MM – C’est une évidence et je pense que c’est aussi une certaine forme de fracture digitale. Je pense qu’on ne se rend pas toujours compte que lorsque effectivement on poste un ensemble de choses sur les réseaux sociaux, on est dans un espace qui s’apparente à l’espace public. Avec en plus cette difficulté, c’est que souvent, on est devant son écran, seul chez soi. Et quand on poste quelque chose, on n’a pas l’idée que ça pourrait se retrouver de façon autant exposée.
Là, je plaide très fort pour des cours de citoyenneté digitale. De façon globale, on se rend compte que dans les lieux d’éducation, et singulièrement à l’école dès le plus jeune âge, il faut un contact permanent avec l’univers digitalisé. La transposition finalement du monde réel dans le monde virtuel induit un certain nombre de codes qui ne sont pas forcément des codes naturels et donc il faudrait des cours de citoyenneté digitale dès le plus jeune âge pour bien percevoir un certain nombre de logiques, que ce soit des logiques de codage par exemple, que ce soit des logiques de travail collaboratif, que ce soit des logiques d’esprit critique, ou simplement de la lucidité par rapport à l’univers virtuel, c’est quelque chose qui est essentiel.
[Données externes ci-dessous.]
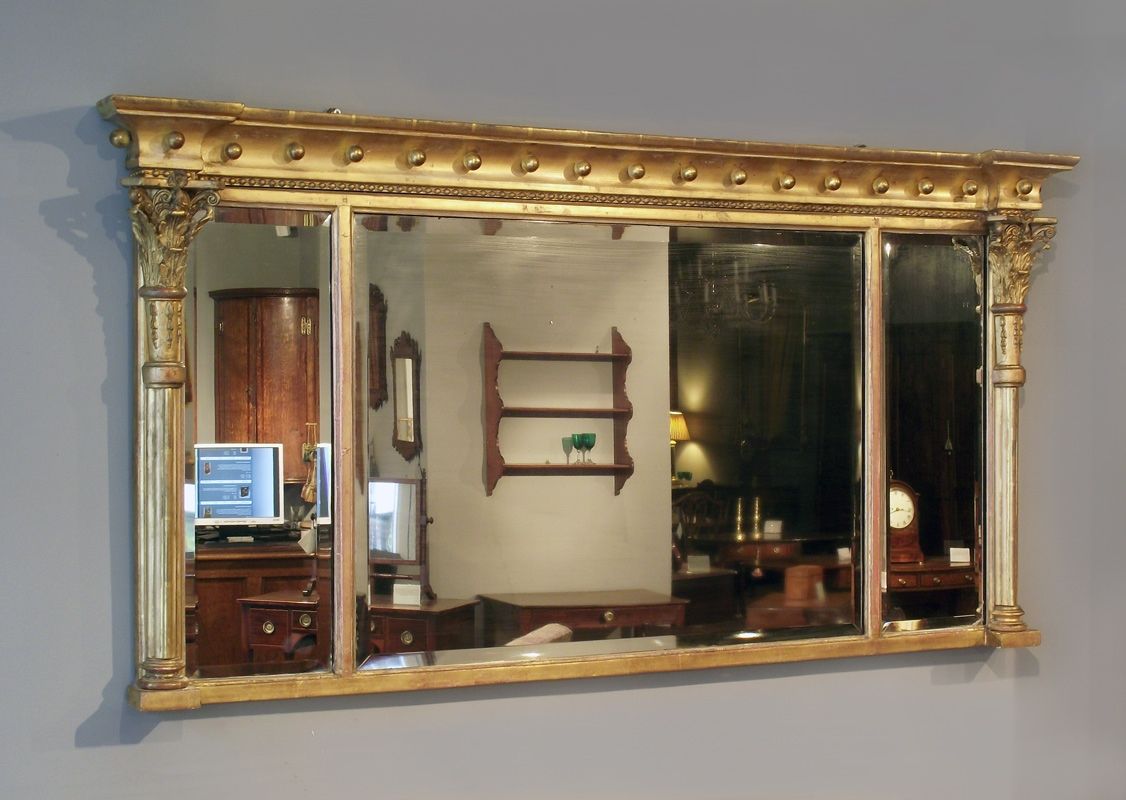 Antique Overmantle Mirrors Uk Best Antique 2017 Inside Overmantel Mirror (Photo 10 of 15)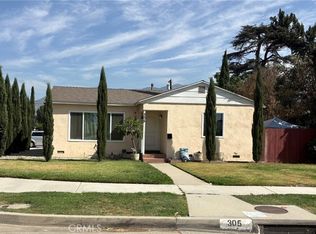 305 E Camino Real, Monrovia, CA 91016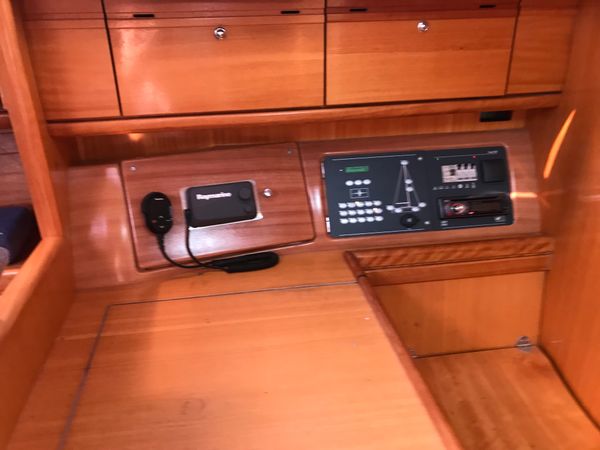 Bavaria 38 Cruiser | Ana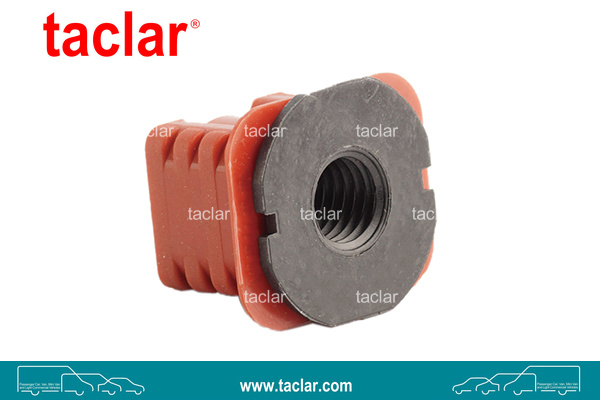 RADIATOR MOUNTING GROMMET UPPER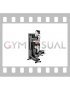 Lever Kneeling Twist (female)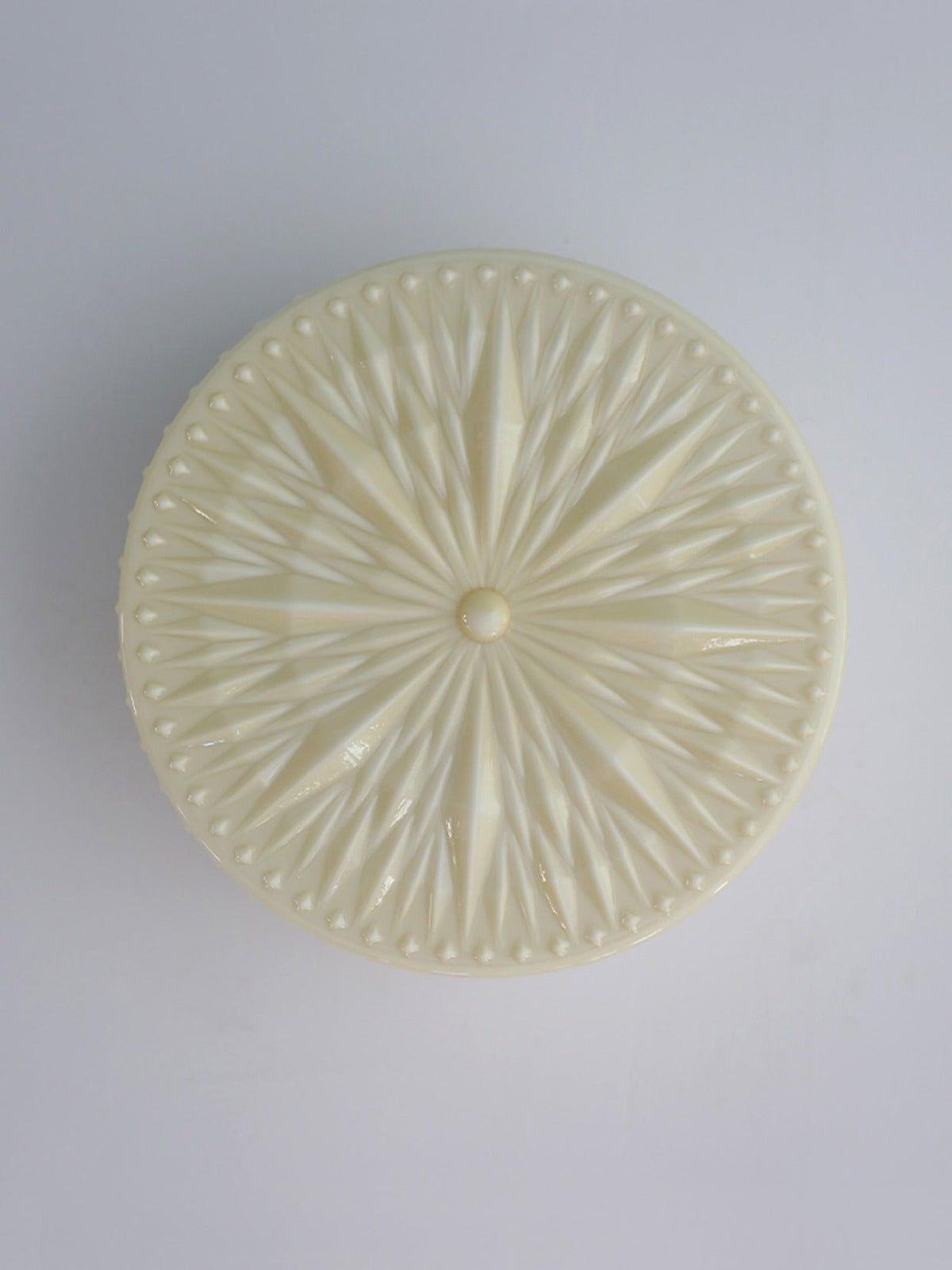 Lioriira lampada da soffitto Paralume in vetro e acrilico moderno Mooncake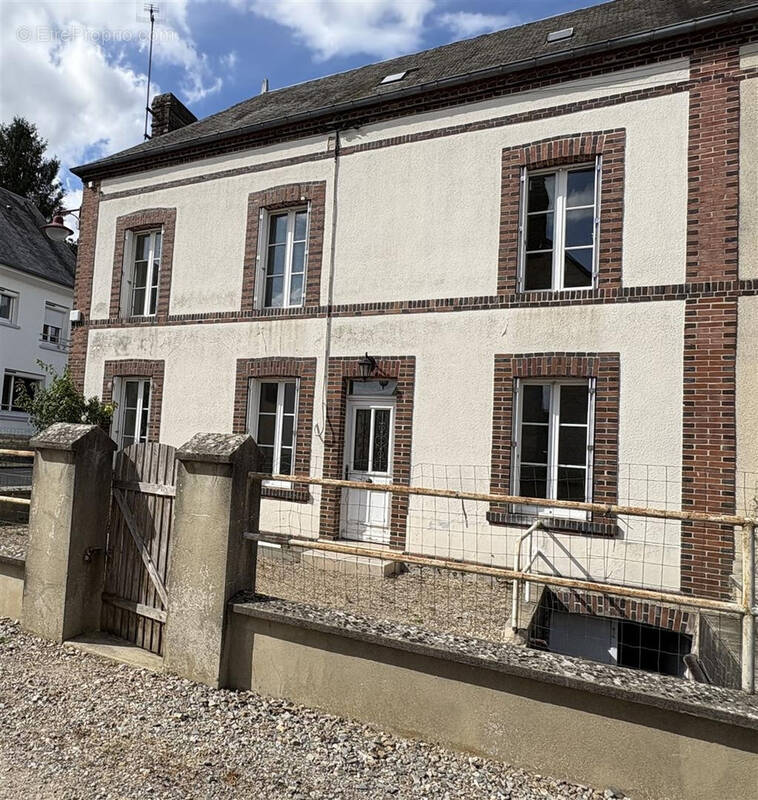 Maison à LE MERLERAULT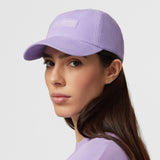 Mercedes baseball cap, retro cord, purple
Et aujourd’hui, force est de constater que ça ne se fait pas. Et ça, c’est quelque chose qui, à ma lecture, manque très fort donc. Alors vous savez que le fédéral ne gère pas l’enseignement mais partout où je peux le faire, je plaide vraiment auprès des communautés. Je plaide pour l’introduction de cours de citoyenneté digitale, des cours qui préparent nos jeunes au monde dans lequel ils vont évoluer. Moi, j’ai des enfants en bas âge. Je vois à quel point ils vivent déjà dans cet univers digital. Ça demande de fixer un certain nombre de balises. Ça demande d’expliquer un certain nombre de choses et d’expliquer qu’effectivement, même quand on est dans son salon et qu’on passe un peu de temps sur un univers digital, on sort de chez soi et on sort d’un espace qui est préservé. Donc ça demande effectivement une vraie éducation, une vraie pédagogie. Et par rapport à ça, je pense que collectivement, il y a encore un vrai travail à faire.
(*) Connectoo est un programme fédéral porté par Mathieu Michel visant à former 5.000 fonctionnaires par an à aider les citoyens à utiliser les outils administratifs en ligne.